[GIVEN RECORDS — start]

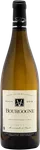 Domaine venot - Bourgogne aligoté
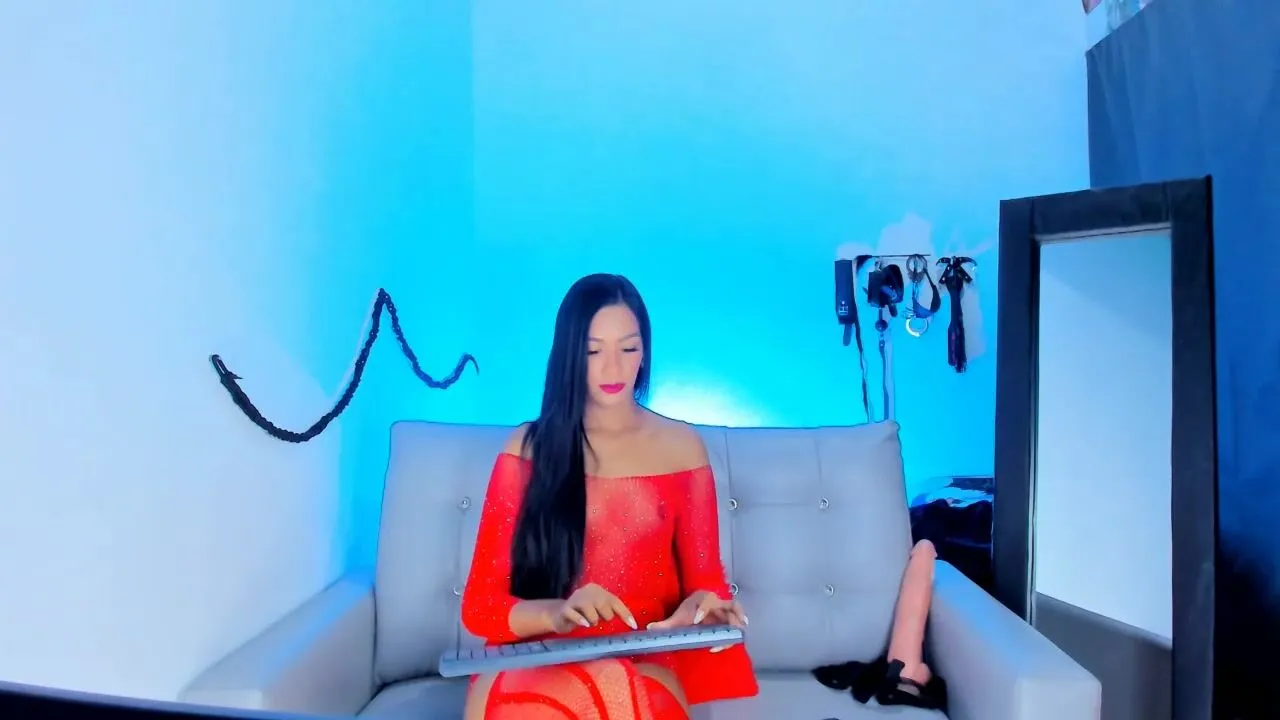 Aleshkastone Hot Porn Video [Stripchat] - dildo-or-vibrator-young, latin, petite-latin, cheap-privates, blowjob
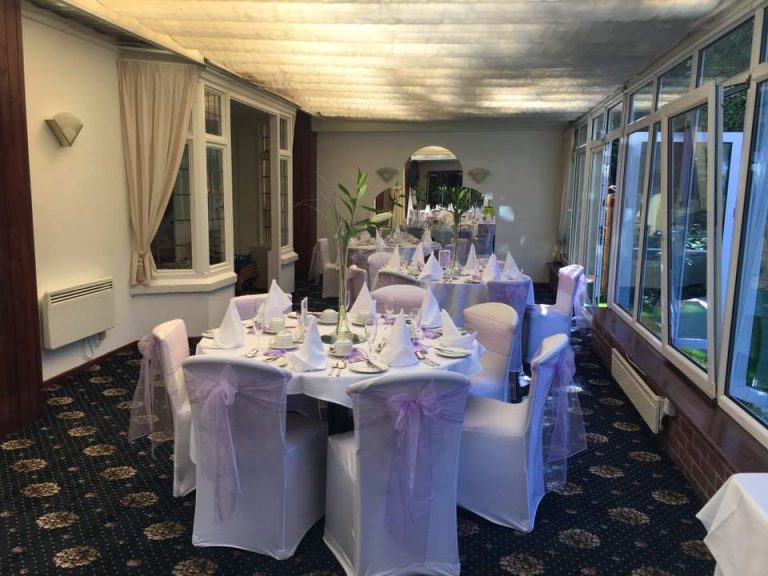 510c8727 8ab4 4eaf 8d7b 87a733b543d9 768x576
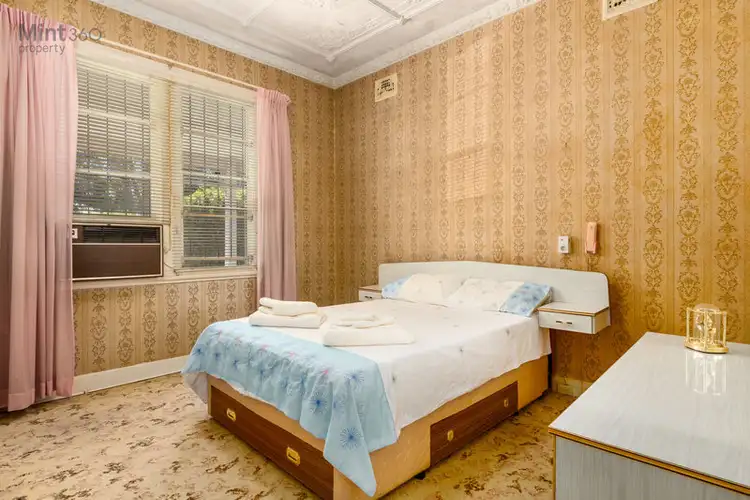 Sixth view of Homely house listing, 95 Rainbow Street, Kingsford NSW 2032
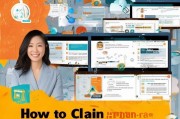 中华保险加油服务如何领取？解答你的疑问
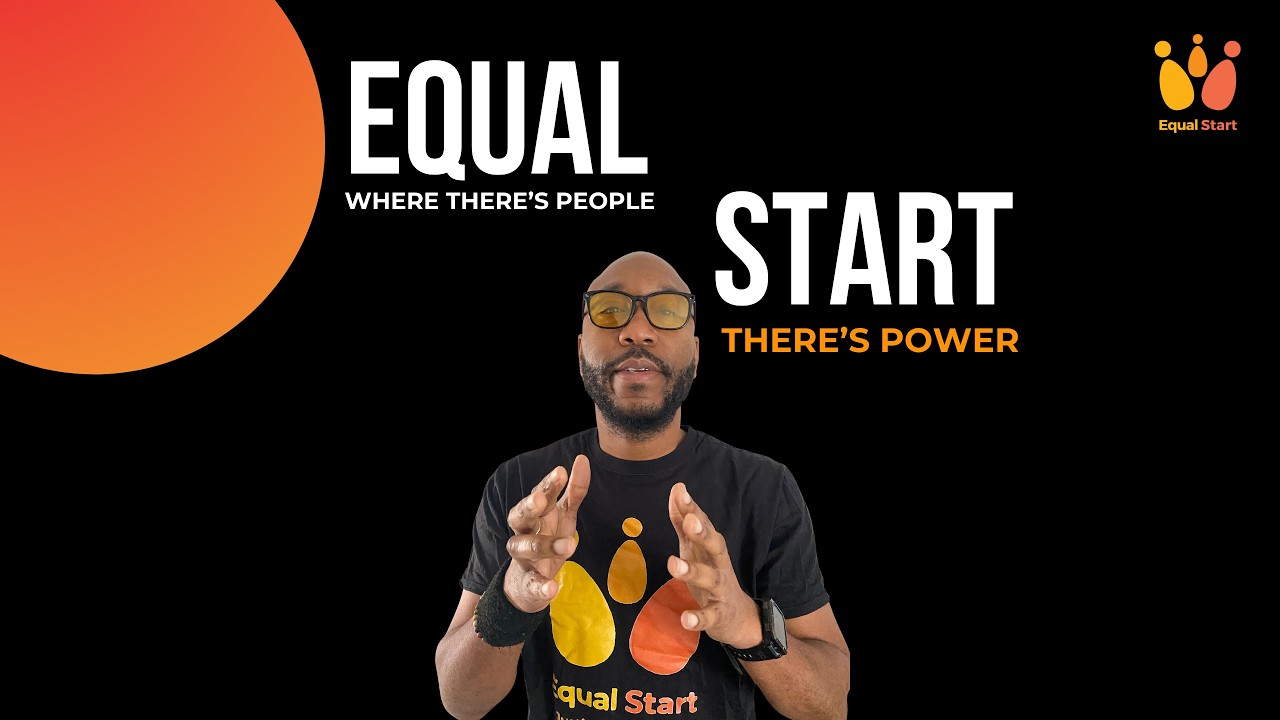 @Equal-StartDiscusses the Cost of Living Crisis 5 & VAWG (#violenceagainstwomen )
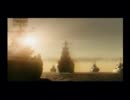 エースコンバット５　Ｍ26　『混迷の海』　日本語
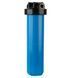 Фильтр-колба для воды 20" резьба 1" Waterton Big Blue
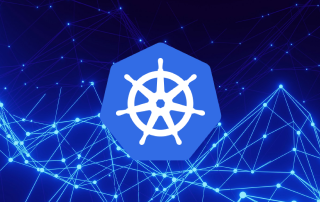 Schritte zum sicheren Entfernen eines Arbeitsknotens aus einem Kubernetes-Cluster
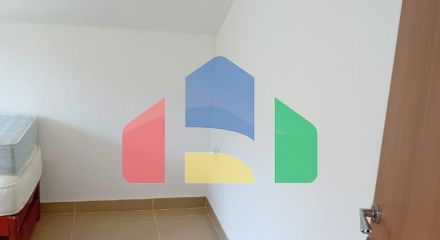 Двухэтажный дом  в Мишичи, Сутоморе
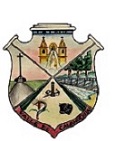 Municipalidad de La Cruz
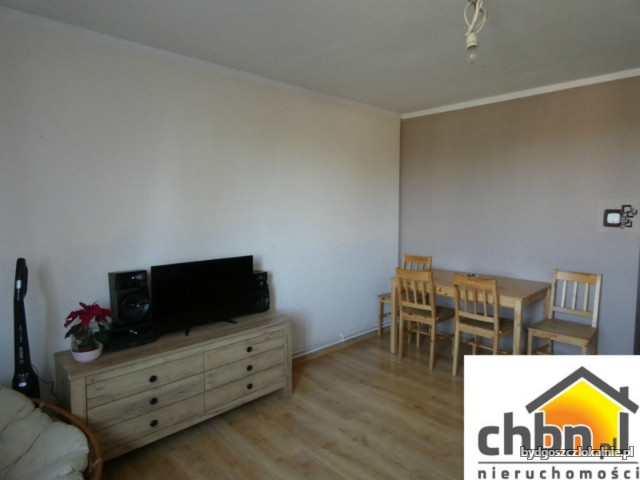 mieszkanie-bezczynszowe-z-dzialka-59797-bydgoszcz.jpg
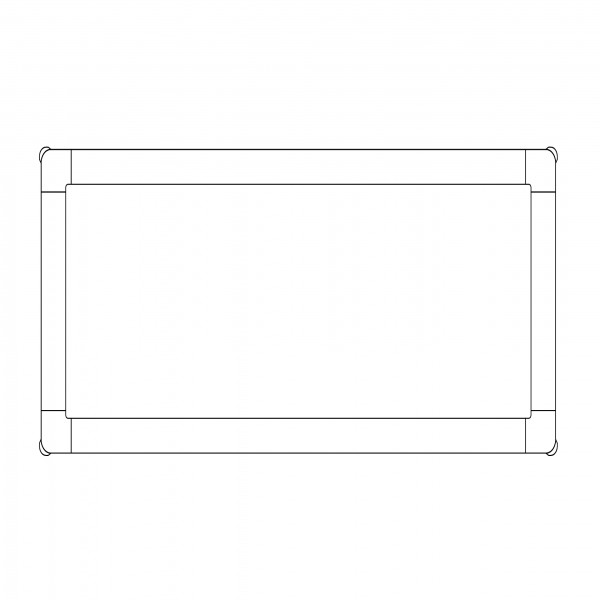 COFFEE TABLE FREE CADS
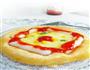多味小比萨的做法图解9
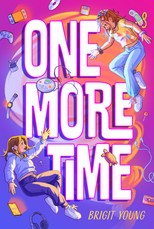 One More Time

[GIVEN RECORDS — finish]

Give again, word for word, only the lines from the line containing "Schritte zum sicheren" through the last line above, both included; leave the pictures out.

SOLUTION BELOW =
 Schritte zum sicheren Entfernen eines Arbeitsknotens aus einem Kubernetes-Cluster
 Двухэтажный дом  в Мишичи, Сутоморе
 Municipalidad de La Cruz
 mieszkanie-bezczynszowe-z-dzialka-59797-bydgoszcz.jpg
 COFFEE TABLE FREE CADS
多味小比萨的做法图解9
 One More Time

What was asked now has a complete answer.